The Fourth Amendment protects the citizenry "against unreasonable searches and seizures." U.S. Const. amend. IV. At the same time, "[o]fficial conduct that does not 'compromise any legitimate interest in privacy' is not a search subject to the Fourth Amendment." Illinois v. Caballes, 543 U.S. 405, 408 (2005) (quoting in part United States v. Jacobsen, 466 U.S. 109, 123 (1984)). So it is critical to first properly characterize any police-citizen encounter in order to ascertain if the Fourth Amendment threshold has been crossed. Our court of appeals has observed as follows:

The Supreme Court has recognized three distinct types of police-citizen interactions: (1) arrest, which must be supported by probable cause; (2) brief investigatory stops, which must be supported by reasonable articulable suspicion; and (3) brief encounters between police and citizens, which require no objective justification.
United States v. Weaver, 282 F.3d 302, 309 (4th Cir. 2002) (citations omitted).

Respecting arrest, the probable cause standard is "an objective one; it exists when, at the time the arrest occurs, the facts and circumstances within the officer's knowledge would warrant the belief of a prudent person that the arrestee had committed or was committing an offense." United States v. Johnson, 599 F.3d 339, 346 (4th Cir. 2010)(citation and internal quotation marks omitted); Gerstein v. Pugh, 420 U.S. 103, 111 (1975). The existence of probable cause "always turns on two factors in combination: the suspect's conduct as known to the officer, and the contours of the offense thought to be committed by that conduct." Pritchett v. Alford, 973 F.2d 307, 314 (4th Cir. 1992).

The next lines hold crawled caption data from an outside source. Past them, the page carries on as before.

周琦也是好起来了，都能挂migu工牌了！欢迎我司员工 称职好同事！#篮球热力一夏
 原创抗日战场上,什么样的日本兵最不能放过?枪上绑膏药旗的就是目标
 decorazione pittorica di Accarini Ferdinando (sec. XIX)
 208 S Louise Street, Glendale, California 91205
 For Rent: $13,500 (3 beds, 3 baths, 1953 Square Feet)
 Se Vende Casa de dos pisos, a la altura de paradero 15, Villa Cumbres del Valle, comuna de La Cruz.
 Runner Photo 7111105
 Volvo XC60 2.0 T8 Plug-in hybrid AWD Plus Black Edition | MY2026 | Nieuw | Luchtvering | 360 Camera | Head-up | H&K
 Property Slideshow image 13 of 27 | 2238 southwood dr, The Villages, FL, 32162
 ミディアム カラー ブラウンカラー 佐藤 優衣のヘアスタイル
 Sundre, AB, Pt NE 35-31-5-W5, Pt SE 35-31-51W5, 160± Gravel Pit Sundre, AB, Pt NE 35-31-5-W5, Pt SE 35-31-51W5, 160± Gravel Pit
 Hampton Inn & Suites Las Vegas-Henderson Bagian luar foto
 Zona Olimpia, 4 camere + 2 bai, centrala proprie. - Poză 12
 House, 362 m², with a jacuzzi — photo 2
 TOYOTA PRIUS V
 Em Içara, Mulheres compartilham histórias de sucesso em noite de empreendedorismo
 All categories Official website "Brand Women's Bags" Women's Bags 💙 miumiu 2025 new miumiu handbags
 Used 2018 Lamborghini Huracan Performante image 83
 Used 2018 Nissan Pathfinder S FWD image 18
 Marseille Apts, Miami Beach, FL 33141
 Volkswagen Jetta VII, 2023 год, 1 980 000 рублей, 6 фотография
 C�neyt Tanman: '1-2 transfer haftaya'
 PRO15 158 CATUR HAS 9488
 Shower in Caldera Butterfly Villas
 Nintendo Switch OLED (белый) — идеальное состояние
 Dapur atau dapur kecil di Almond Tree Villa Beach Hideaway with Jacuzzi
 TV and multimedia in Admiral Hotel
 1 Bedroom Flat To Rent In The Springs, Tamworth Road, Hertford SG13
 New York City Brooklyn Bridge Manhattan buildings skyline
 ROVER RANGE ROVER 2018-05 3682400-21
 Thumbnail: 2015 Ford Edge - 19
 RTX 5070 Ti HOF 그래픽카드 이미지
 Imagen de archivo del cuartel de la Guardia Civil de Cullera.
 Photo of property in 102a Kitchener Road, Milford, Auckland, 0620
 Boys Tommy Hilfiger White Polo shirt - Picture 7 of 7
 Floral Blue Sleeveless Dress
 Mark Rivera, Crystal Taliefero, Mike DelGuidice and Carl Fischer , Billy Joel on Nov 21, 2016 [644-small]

Respecting investigatory stops, law enforcement may detain a person for brief inquiry when supported by reasonable suspicion arising from articulable facts indicative of criminal misconduct. Illinois v. Wardlow, 528 U.S. 119, 123-24 (2000); Terry v. Ohio, 392 U.S. 1, 30 (1968). Reasonable suspicion depends upon the totality of the circumstances, including what the officer knows and any reasonable inferences that might be drawn when the stop occurs. United States v. Sokolow, 490 U.S. 1, 8 (1989); United States v. Black, 525 F.3d 359, 364-65 (4th Cir. 2008). Importantly, reasonable suspicion may exist despite the fact that "each individual factor 'alone is susceptible of innocent explanation.'" Black, 525 F.3d at 365 (quoting United States v. Arvizu, 534 U.S. 266, 277 (2002)). In particular, evasive behavior and alarmed reaction support a reasonable suspicion of criminal activity. United States v. Smith, 396 F.3d 579, 584 (4th Cir. 2005); United States v. Humphries, 372 F.3d 653, 657 (4th Cir. 2004); United States v. Lender, 985 F.2d 151, 154 (4th Cir. 1993).

At the lowest rung of the Fourth Amendment hierarchy is the third category, namely, those "voluntary citizen-police encounters [that] do not implicate the Fourth Amendment" at all. Black, 525 F.3d at 364. As indicated by its text, the Fourth Amendment is concerned with unreasonable searches and seizures of citizens. A seizure, however, "does not occur simply because a police officer approaches an individual and asks a few questions." Florida v. Bostick, 501 U.S. 429, 434 (1991). Absent a seizure, a police-citizen encounter is considered consensual and "will not trigger Fourth Amendment scrutiny." Id. at 439; United States v. Farrior, 535 F.3d 210, 218 (4th Cir. 2008)("Under Bostick, the question is whether a reasonable person would have felt free to decline the officer's request or otherwise terminate the encounter."). Additionally, in both United States v. Drayton, 536 U.S. 194, 204 (2002), and Florida v. Rodriguez, 469 U.S. 1, 5-6 (1984), the Supreme Court observed that a seizure did not occur simply because law enforcement approached an individual, displayed their badges, and started asking questions.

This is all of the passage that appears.